India registers 21.8%, while, two small economies, Samoa and Myanmar each stand at 21.3%.
The report noted, India's percentage, while a bit lower, is still around one-fifth of trade, significant for such a large economy and consistent with decades of capital flight issues.
Bangladesh, meanwhile, records a geometric mean illicit outflow rate of 15.86% over the decade, while, the report lacked the country's data for 2014, 2019, 2020, 2021, and 2022.
Cambodia and Sri Lanka deepen losses, Nepal and Maldives cut gaps
Cambodia and Sri Lanka stand out for their worsening trends. Cambodia's trade value gap surged from 17.65% in 2013 to 27.04% in 2022, with the sharpest acceleration beginning in 2019. Sri Lanka followed a steadier but equally troubling climb, rising from 16.63% to 23.92% over the decade.

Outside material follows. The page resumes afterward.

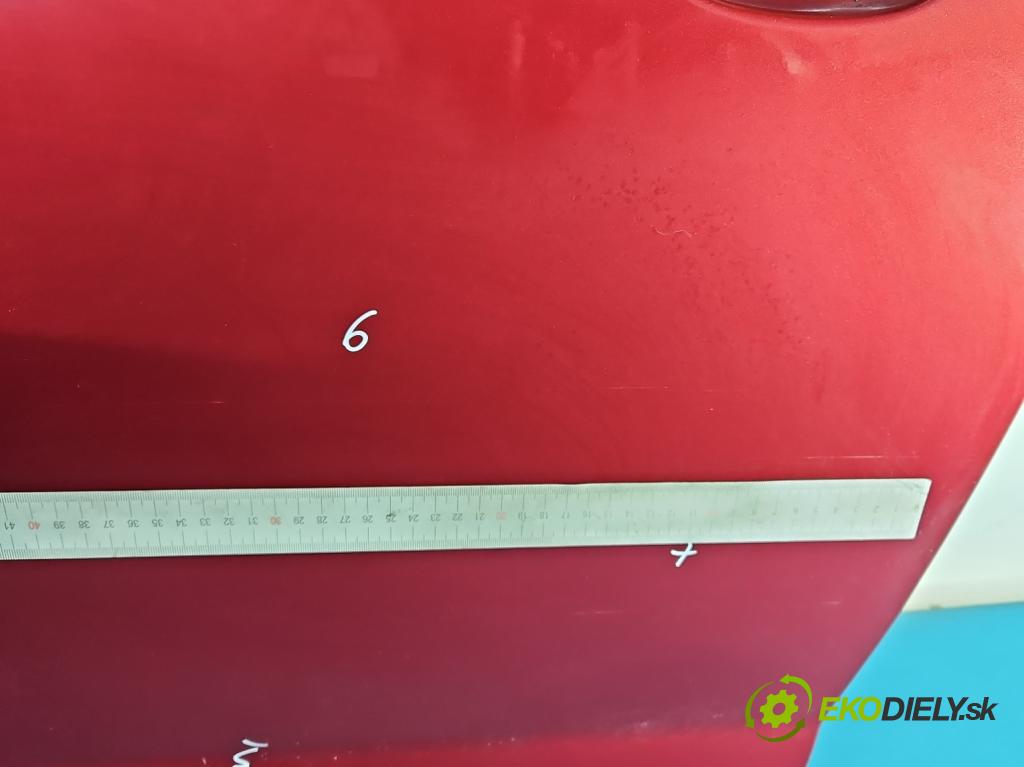 Citroen C4 I 2004-2011 2.0 16V 177 HP manual 130 kW 1997 cm3 3- dvere predné ľavé  (Kľučka dverí ostatné)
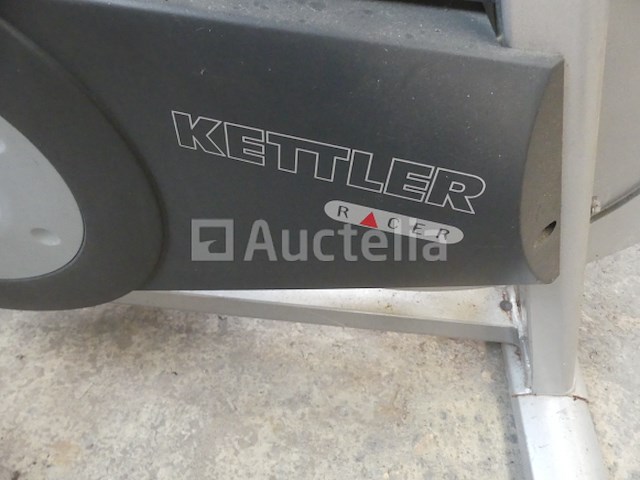Kettler racer spinning hometrainer - afbeelding 4 van  4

India has maintained a consistently high gap; while it fluctuated throughout the period, it ended higher at 22.77% in 2022 compared to 21.35% in 2013.
In contrast, Nepal has seen a remarkable and consistent decline in its trade value gap, falling from 19.98% in 2013 to a low of 11.53% in 2022, the lowest among the Developing Asian countries.
The Maldives also experienced a notable recent improvement, dropping to 18.45% in 2022 after several years of exceeding 24%, including a peak of 26.25% in 2019.